SOURCE DATA
_ _ _ _ _

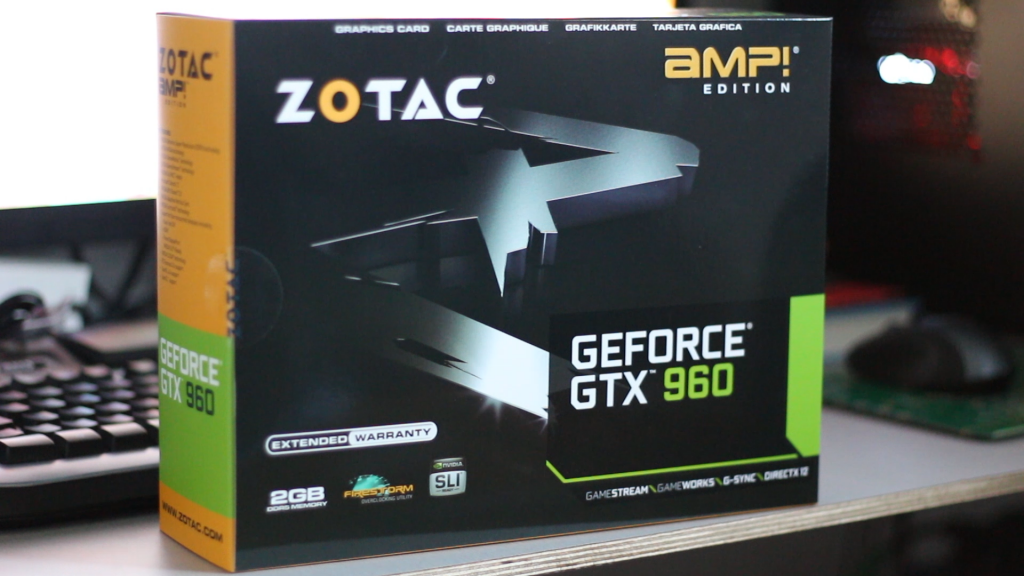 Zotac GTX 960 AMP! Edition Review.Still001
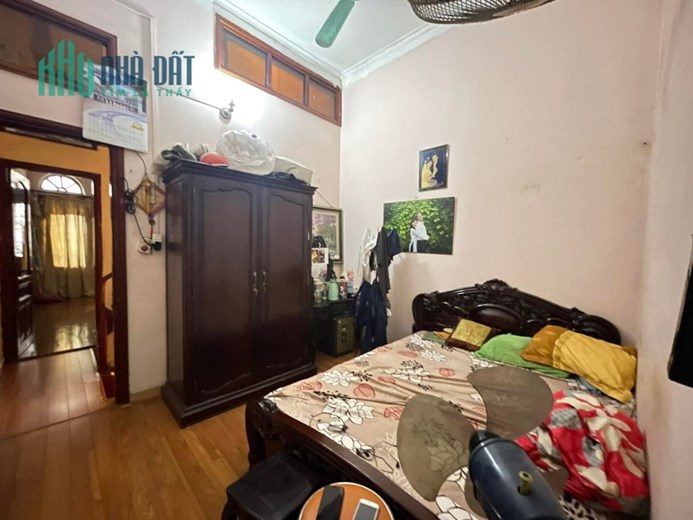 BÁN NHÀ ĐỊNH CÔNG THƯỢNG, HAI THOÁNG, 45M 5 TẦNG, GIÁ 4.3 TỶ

_ _ _ _ _

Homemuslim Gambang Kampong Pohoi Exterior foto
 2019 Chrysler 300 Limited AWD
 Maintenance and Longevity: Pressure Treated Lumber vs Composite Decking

_ _ _ _ _

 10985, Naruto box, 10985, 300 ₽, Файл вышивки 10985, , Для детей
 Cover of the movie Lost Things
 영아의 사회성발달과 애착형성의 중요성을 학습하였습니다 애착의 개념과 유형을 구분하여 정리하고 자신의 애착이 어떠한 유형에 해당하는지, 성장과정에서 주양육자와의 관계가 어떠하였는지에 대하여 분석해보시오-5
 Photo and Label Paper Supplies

_ _ _ _ _

Give back exactly the lines above starting at the line where "2019 Chrysler 300 Limited AWD" appears and ending at the line where "Maintenance and Longevity: Pressure" appears, both included, with no other lines.

ANSWER TO THIS EXERCISE
 2019 Chrysler 300 Limited AWD
 Maintenance and Longevity: Pressure Treated Lumber vs Composite Decking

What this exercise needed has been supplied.